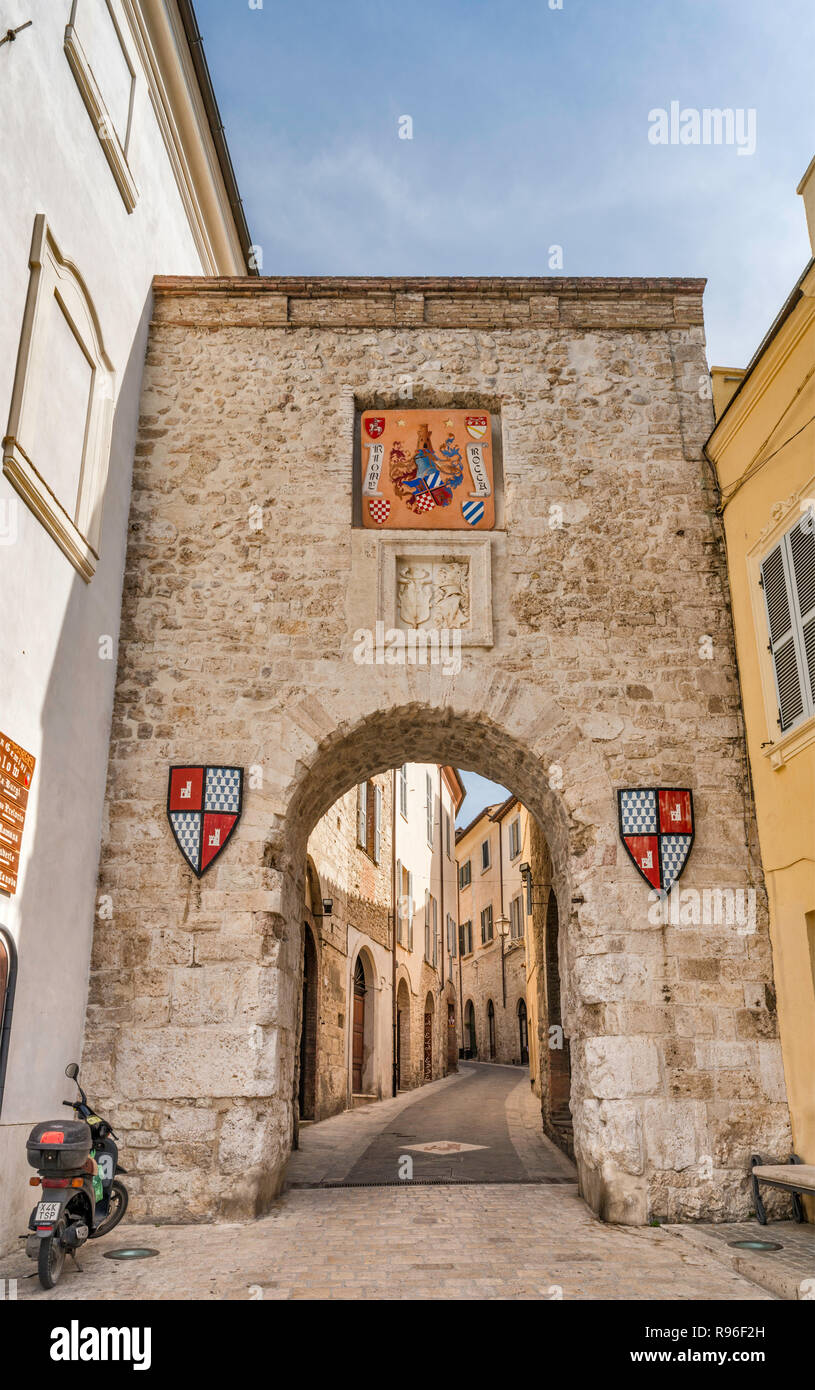 Porta Burgi, 12th century gate at Via Casventino, view from Piazza San Francesco, historic center of San Gemini, Umbria, Italy Stock Photo
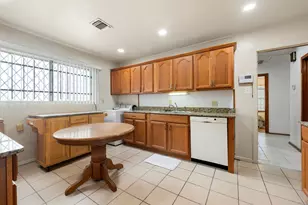 10923 Duane St, Houston, TX 77047 - Photo 18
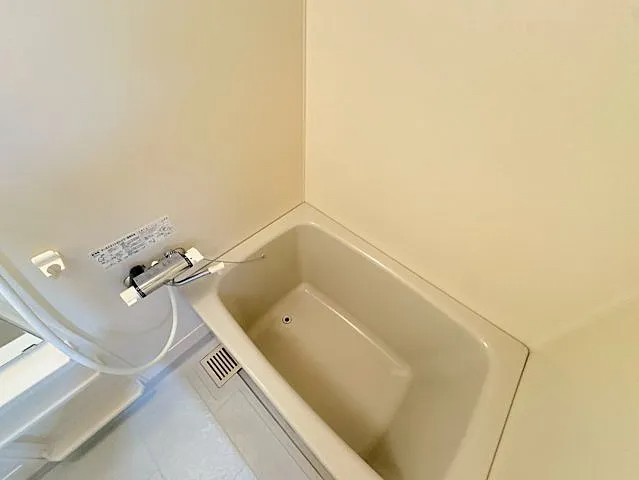 ビエント六甲１の浴室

···

[WORK ITEM]:
Beginning with the line that includes "10923 Duane St, Houston, TX 77047 - Photo 18" and ending with the last line of the material, reproduce those lines exactly and nothing else, with no pictures.

[RESULT OF THIS EXERCISE]:
 10923 Duane St, Houston, TX 77047 - Photo 18
 ビエント六甲１の浴室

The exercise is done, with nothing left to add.